Averting Secondary Hyperparathyroidism with a Novel Bariatric Supplement (Nuvista®)

Ravi Shah, DO, Fred Brody, MD MBA, Khashayar Vaziri, MD, Melissa Flood, NP, Cathy Garey, RN, Claire LeBrun, MPH RD. The George Washington University Medical Center

Following gastric bypass surgery, vitamin D deficiency may occur in up to 44% of patients with alterations in PTH at 12 months. This study analyzes nutritional biomarkers in a cohort of gastric bypass patient utilizing a novel nutritional product post-operatively intended to avert these deficiencies.

Nineteen morbidly obese patients underwent a laparoscopic gastric bypass or adjustable band surgery. Post-operatively, this cohort ingested a 1200-1500 calorie diet with two packets of a novel nutritional product called Nuvista® daily. Per packet, this product contains 150 calories, 15 grams of protein, grams of fat, and grams of carbohydrate along with significant levels of calcium, vitamin D, and multiple other minerals and vitamins. Baseline biochemical markers were obtained and then rechecked at 3 and 6 months. Pre- and postoperative patient demographics and biochemical levels were compared and a p<0.05 was considered significant.

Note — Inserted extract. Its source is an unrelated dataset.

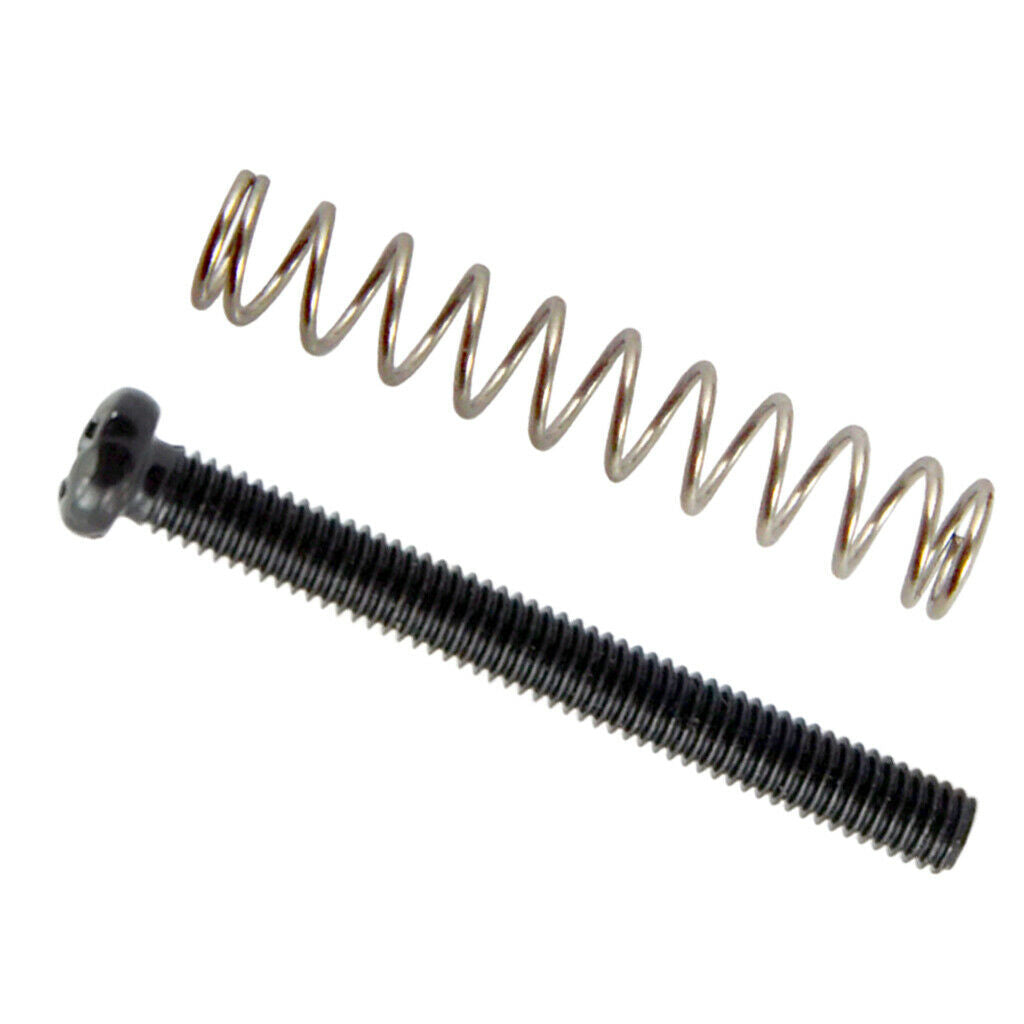 The Humbucker double coil pickup frame screws springs for the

There were 17 women and 2 men who underwent bariatric surgery. Mean preoperative levels for calcium, Vitamin D, and PTH were 9.3±0.4 mg/dL, 19.9±6.3 ng/mL, and 39.3±15.8 pg/mL, respectively. Overall, 47.1% of patients were Vitamin D deficient using 20 ng/mL as the lower limit of normal. Using a Vitamin D level of 30 ng/mL, 88% of the cohort was Vitamin D deficient. At 3 and 6 months post-operatively, calcium and PTH levels remained unchanged while supplementing with Nuvista® (p>0.05). The Vitamin D levels were significantly increased at 3 months compared to baseline (23.6±6.6 ng/mL vs 19.9±6.3 ng/mL; p=0.05). At 6 months, there was no significant difference in Vitamin D levels versus baseline (p=0.66).

Traditionally, PTH levels may increase in 25-44% of morbidly obese patients following RYGB. These changes in PTH levels may be seen as early as 18 weeks postoperatively. Ingesting a high protein low calorie supplement, Nuvista®, that is fortified with calcium and Vitamin D may avert an increase in PTH levels and the potential complications from secondary hyperparathyroidism. Despite an overwhelming percentage of Vitamin D deficient patients, postoperative PTH levels remain unchanged over 3 and 6 months. Fianlly, accrual continues for this study and the cohort will be followed for another 6 months to validate the interim data that shows that PTH levels remain unchanged utilizing Nuvista®.